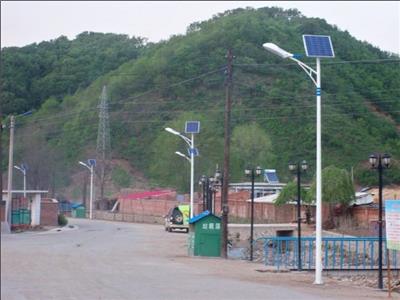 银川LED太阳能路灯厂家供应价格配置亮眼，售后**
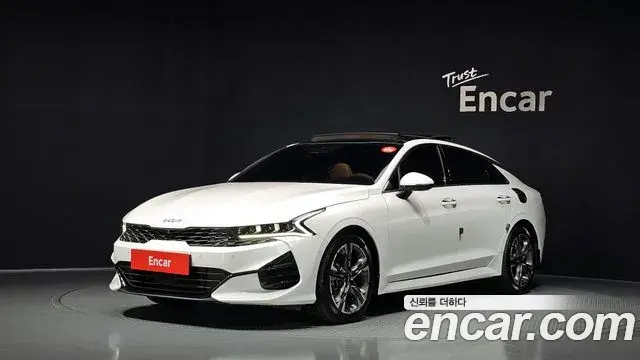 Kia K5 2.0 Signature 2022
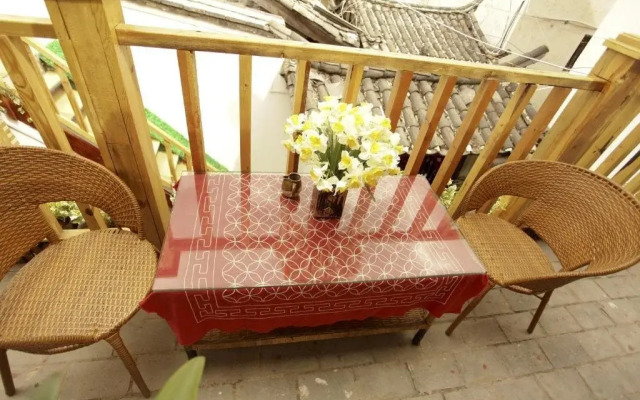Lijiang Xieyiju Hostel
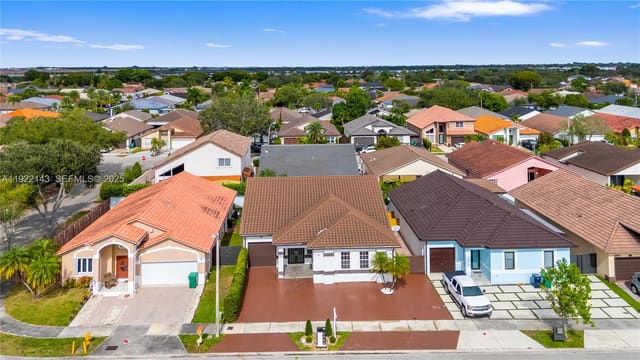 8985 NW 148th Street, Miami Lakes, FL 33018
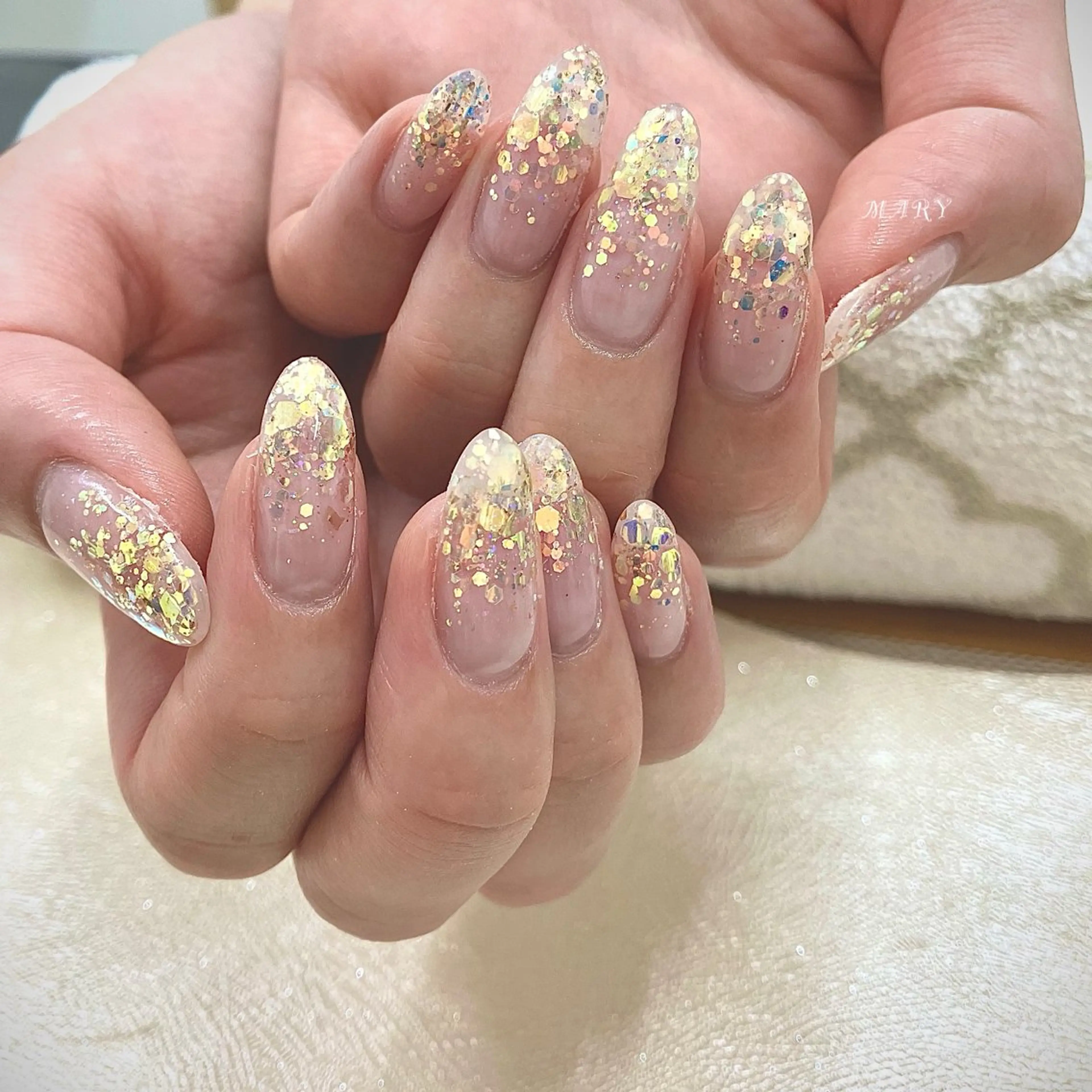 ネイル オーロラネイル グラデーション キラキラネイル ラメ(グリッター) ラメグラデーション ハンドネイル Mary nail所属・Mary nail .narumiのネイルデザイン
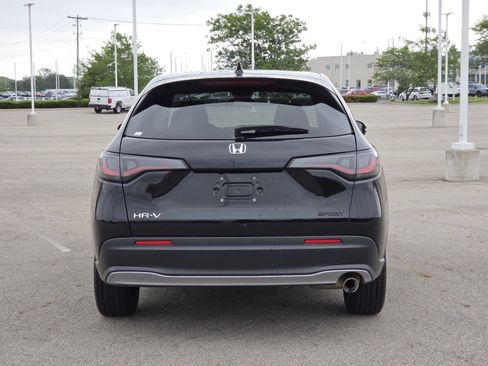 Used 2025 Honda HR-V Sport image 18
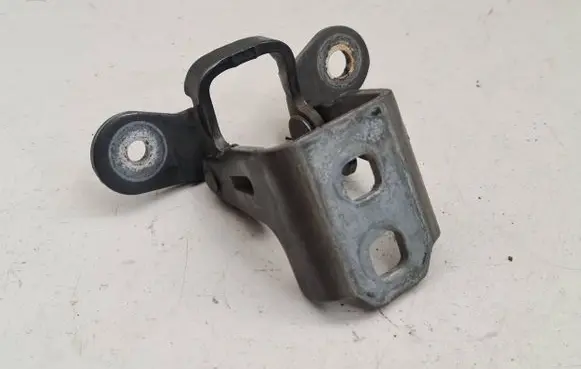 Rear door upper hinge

▶ [Assigned task]: All of the data, minus its pictures, should be repeated exactly.

▶ [Exercise result]:
 银川LED太阳能路灯厂家供应价格配置亮眼，售后**
 Kia K5 2.0 Signature 2022
Lijiang Xieyiju Hostel
 8985 NW 148th Street, Miami Lakes, FL 33018
 ネイル オーロラネイル グラデーション キラキラネイル ラメ(グリッター) ラメグラデーション ハンドネイル Mary nail所属・Mary nail .narumiのネイルデザイン
 Used 2025 Honda HR-V Sport image 18
 Rear door upper hinge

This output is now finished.